Even yet, however, it is the few only who respond to Thoreau, Emerson, and Burroughs, who can find nature, as well as birds and trees, who can think and feel as well as wonder and look. Before we can think and feel we must get over our wondering, and we must get entirely used to looking. This we are slowly doing,—slowly, I say, for it is the monstrous, the marvelous, the unreal that most of us still go out into the wilderness for to see,—bears and wolves, foxes, eagles, orioles, salmon, mustangs, porcupines of extraordinary parts and powers.

There came to my desk, tied up with the same string, not long since, three nature books of a sort to make Thoreau turn over in his grave,—accounts of beasts and birds such as old Thetbaldus gave us in his “Physiologus,” that pious and marvelous bestiary of the dark ages. These three volumes that I refer to are modern and about American animals, but they, too, might have been written during the dark ages. All three have the same solemn preface, declaring the absolute truth of the observations that follow (as if we might doubt?), and piously pointing out their high moral purpose; all three likewise start out with the same wonderful story,—an animal biography: one, of a slum cat, born in a cracker box. Among the kittens of the cracker box was an extraordinary kitten of “pronounced color,” who survives and comes to glory. The next book tells the biography of a fox, born in a hole among the Canadian hills. Among the pups born in this hole was one extraordinary pup “more finely colored” than the others, who survives and comes to glory. The third book tells the biography of a wolf, born in a cave among the rocks, still farther north. Among the cubs born in this cave was one extraordinary cub, “larger than the others,” who survives and, as is to be expected of a wolf, comes to more glory than the cracker-box kitten or the fox pup of the hills.

Such are the stories that are made into texts and readers for our public schools; such are the animals that go roaming through the woods of the American child’s imagination. But no such kittens or cubs or pups lurk in my eight-acre woodlot. I have seen several (six, to be exact) fox pups, but never did I see this overworked, extraordinary, cum laude pup of the recent nature books.

So long as we continue to read and believe such accounts, just so long shall we find it impossible to go with Audubon and Thoreau and Burroughs, for they have no place to take us, nothing to show us when we arrive. Their real world does not exist.
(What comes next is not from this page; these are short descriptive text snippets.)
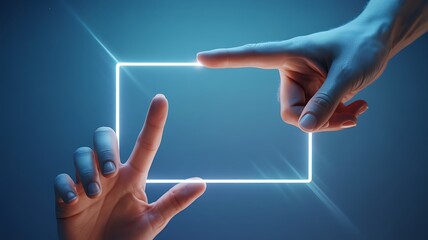 Hands Framing a Glowing Rectangle Abstract Technology Concept Illustration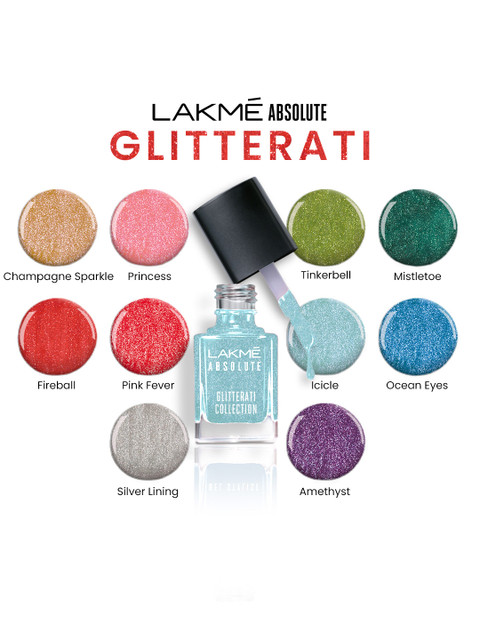Lakme Glitterati Collection Nail Paint For High Glam & Shine 12ml - Mistletoe 116 - Image 9
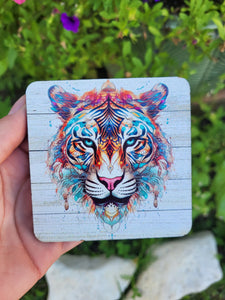 Roaringly Radiant Psychedelic Tiger Magnet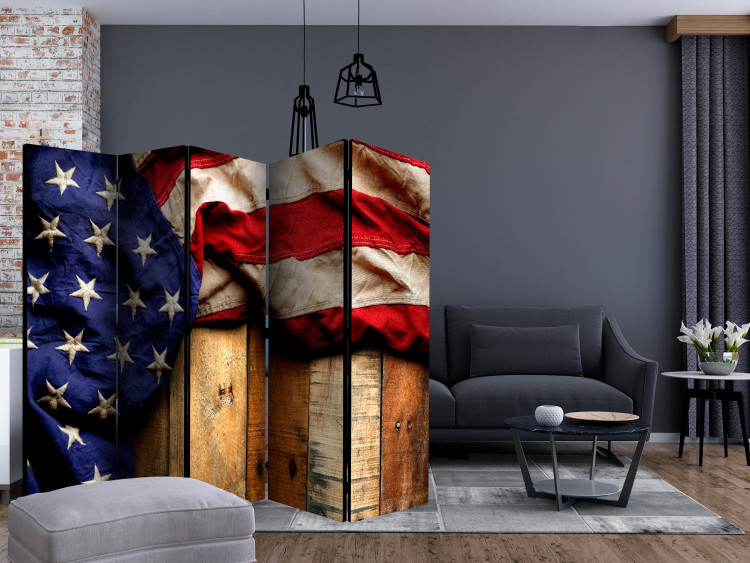 Room Divider Screen American Style II (5-piece) - USA flag on a background of brown wood 133477 additionalImage 4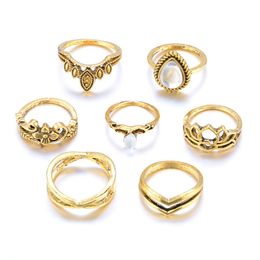 Band Rings 7Pcs Set Vintage Hollow Carved Flower Rhinestone Ring For Women Men Party Accessories Finger Gold Sier Colour Drop Deliver Dhpty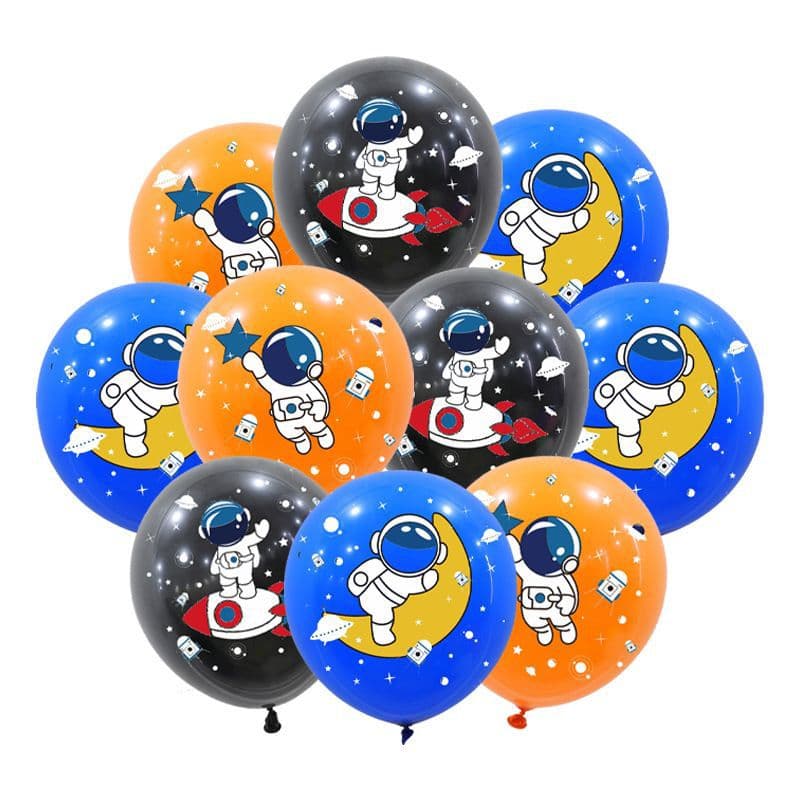 Cross-border astronaut theme balloon 12-inch children's birthday party decoration astronaut cartoon print balloon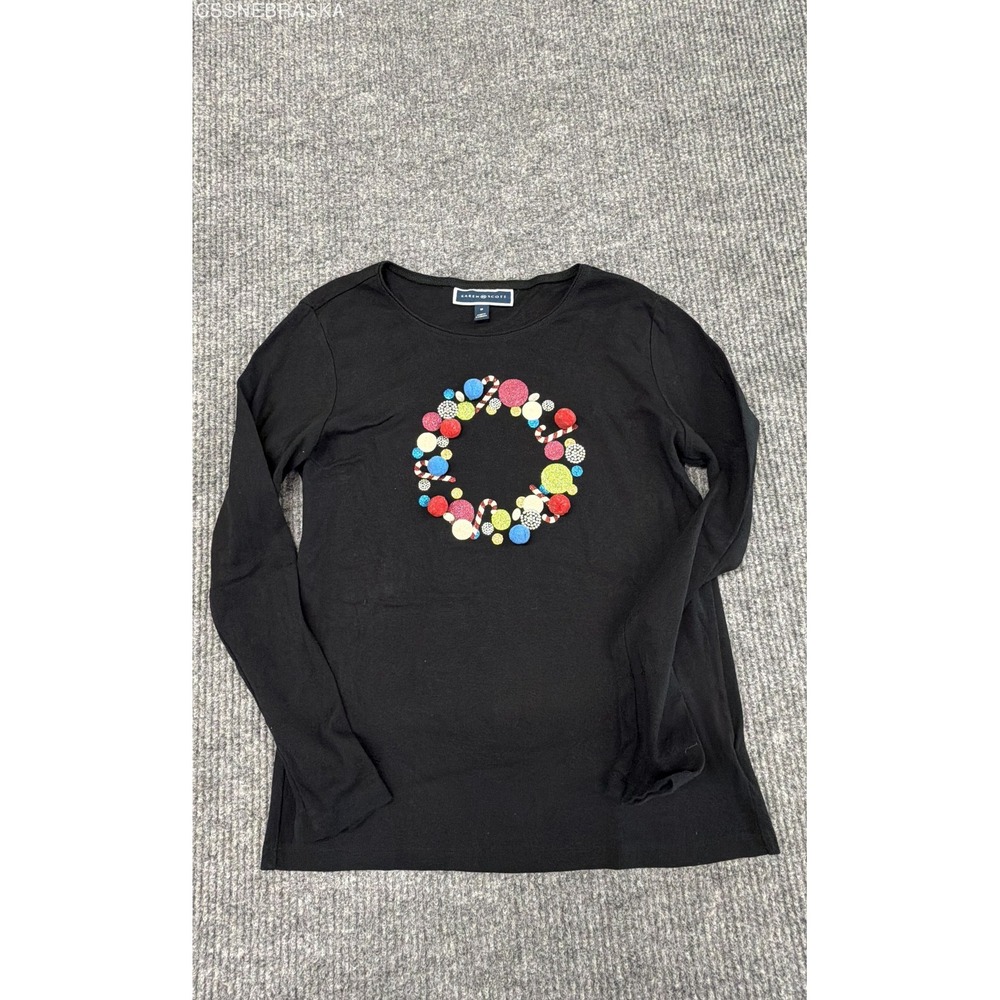 Karen Scott Black Long Sleeve Christmas Wreath Pom Pom Holiday T-Shirt Size M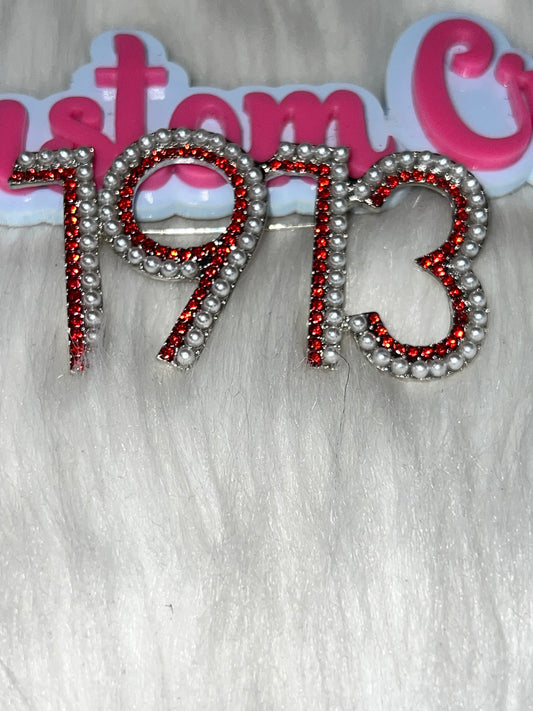 1913 Delta Inspired Pearl & Rhinestone Number Brooch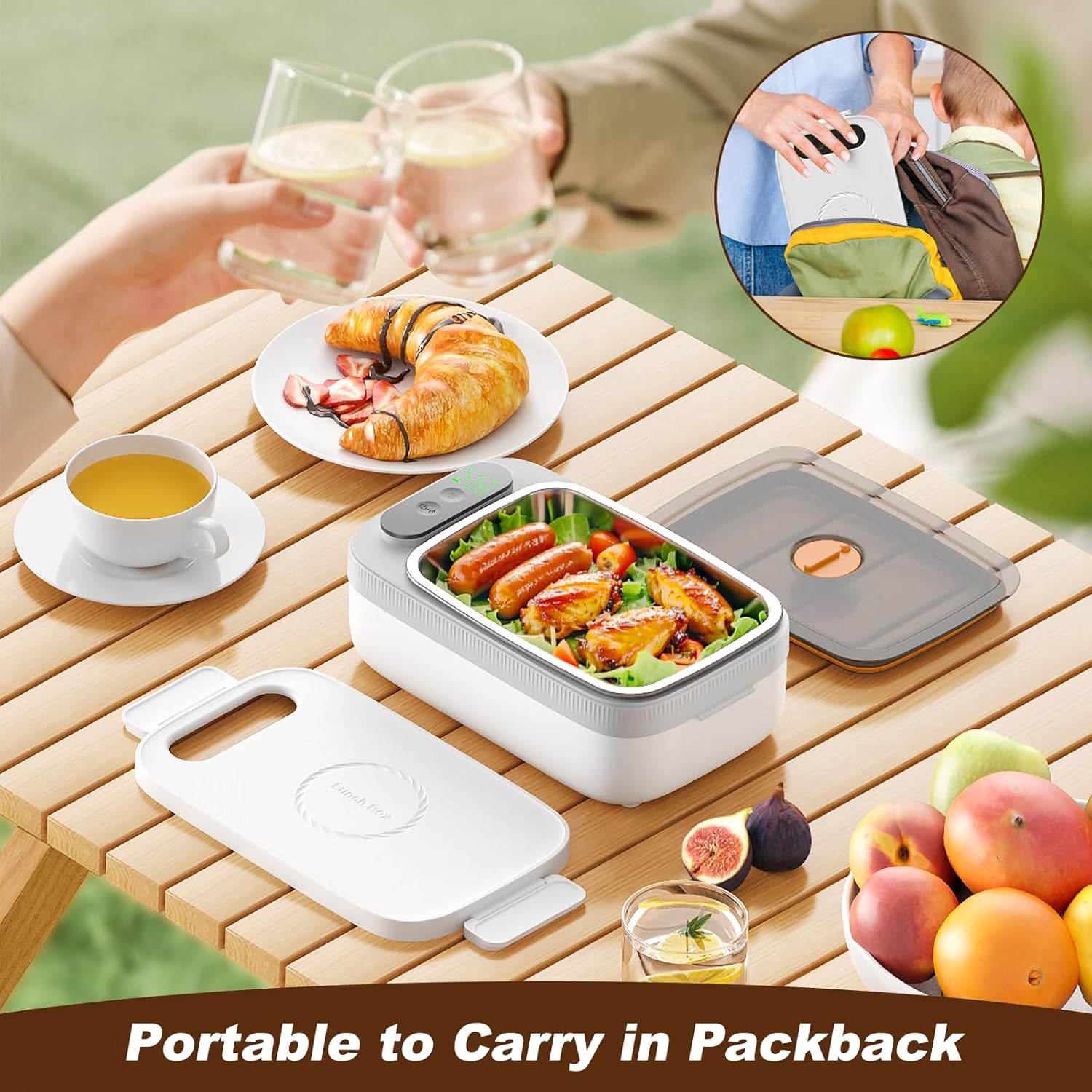 Cordless Electric Lunch Box with Rechargeable Battery – Portable Heated Food Container for Work, Travel & Outdoor Use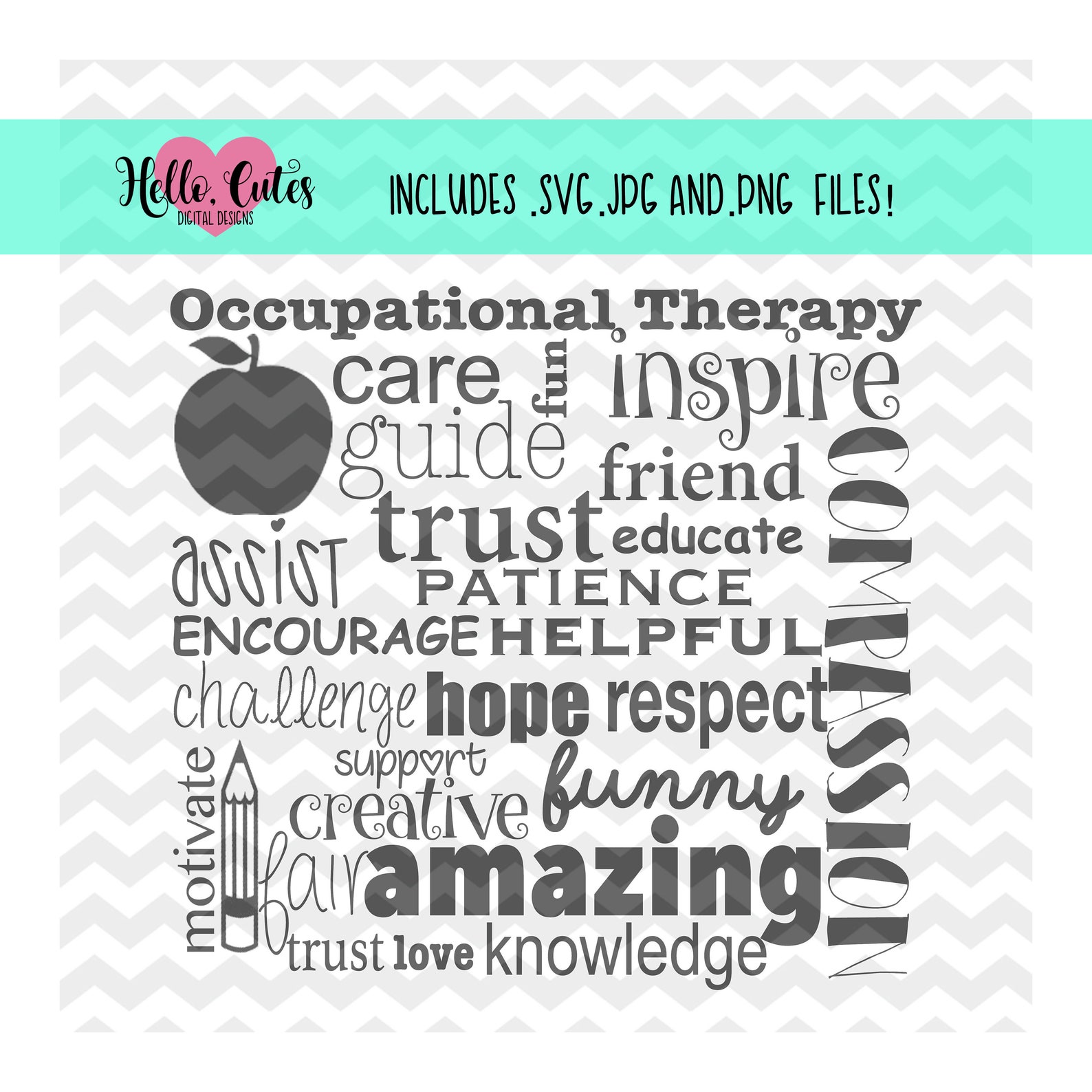 Occupational Therapy Appreciation Design Svg Png Jpg Cut Etsy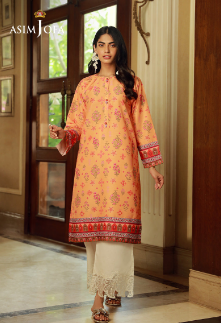 Asim Jofa Stitched Printed Raw Silk 1 Piece Shirt For Women and Girls , code: AJSS-07-S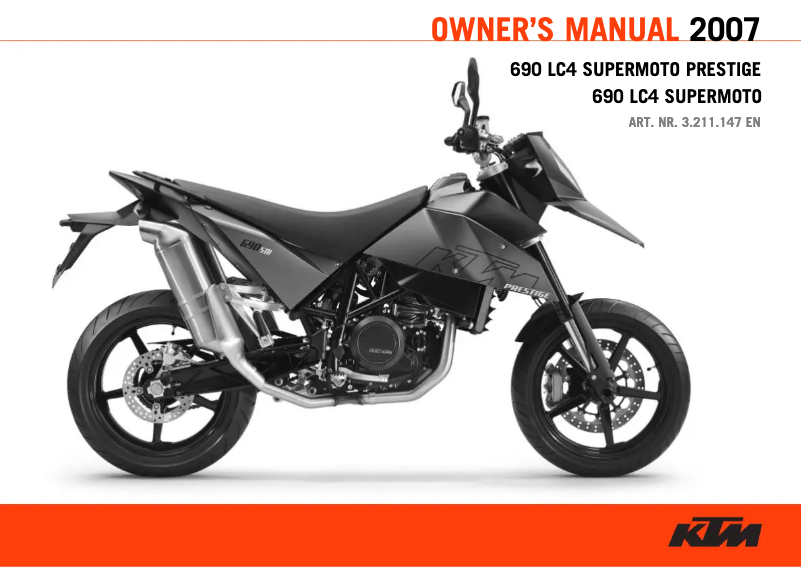 Imagen de la primera página del manual del dispositivo 690 LC4 Supermoto Prestige (2007)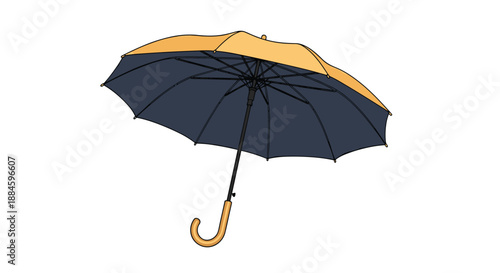 Large open umbrella with a yellow outer canopy and dark blue interior showing the metal frame and wooden handle.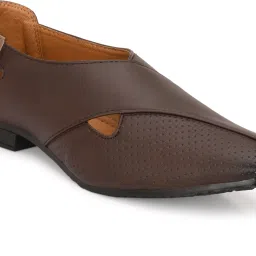 Ethnic Premium Leather Brown Formal Peshawari sandals|Summer|Trendy Slip-On Outdoors For Men-image-19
But we know that a real, ordinary, yet a marvelous world does exist, and right at hand. The present great nature movement is an outgoing to discover it,—its trees, birds, flowers, its myriad forms. This is the meaning of the countless manuals, the “how-to-know” books, and the nature study of the public schools. And this desire to know Nature is the reasonable, natural preparation for the deeper insight that leads to communion with her,—a desire to be traced more directly to Agassiz, and the hosts of teachers he inspired, perhaps, than to the poet-essayists like Emerson and Thoreau and Burroughs.

Let us learn to see and name first. The inexperienced, the unknowing, the unthinking, cannot love. One must live until tired, and think until baffled, before he can know his need of Nature; and then he will not know how to approach her unless already acquainted. To expect anything more than curiosity and animal delight in a child is foolish, and the attempt to teach him anything more at first than to know the out-of-doors is equally foolish. Poets are born, but not until they are old.

But if one got no farther than his how-to-know book would lead him, he still would get into the fields,—the best place for him this side of heaven,—he would get ozone for his lungs, red blood, sound sleep, and health. As a nation, we had just begun to get away from the farm and out of touch with the soil. The nature movement is sending us back in time. A new wave of physical soundness is to roll in upon us as the result, accompanied with a newness of mind and of morals.

For, next to bodily health, the influence of the fields makes for the health of the spirit. It is easier to be good in a good body and an environment of largeness, beauty, and peace,—easier here than anywhere else to be sane, sincere, and “in little thyng have suffisaunce.” If it means anything to think upon whatsoever things are good and lovely, then it means much to own a how-to-know book and to make use of it.

This is hardly more than a beginning, however, merely satisfying an instinct of the mind. It is good if done afield, even though such classifying of the out-of-doors is only scraping an acquaintance with nature. The best good, the deep healing, come when one, no longer a stranger, breaks away from his getting and spending, from his thinking with men, and camps under the open sky, where he knows without thinking, and worships without priest or chant or prayer.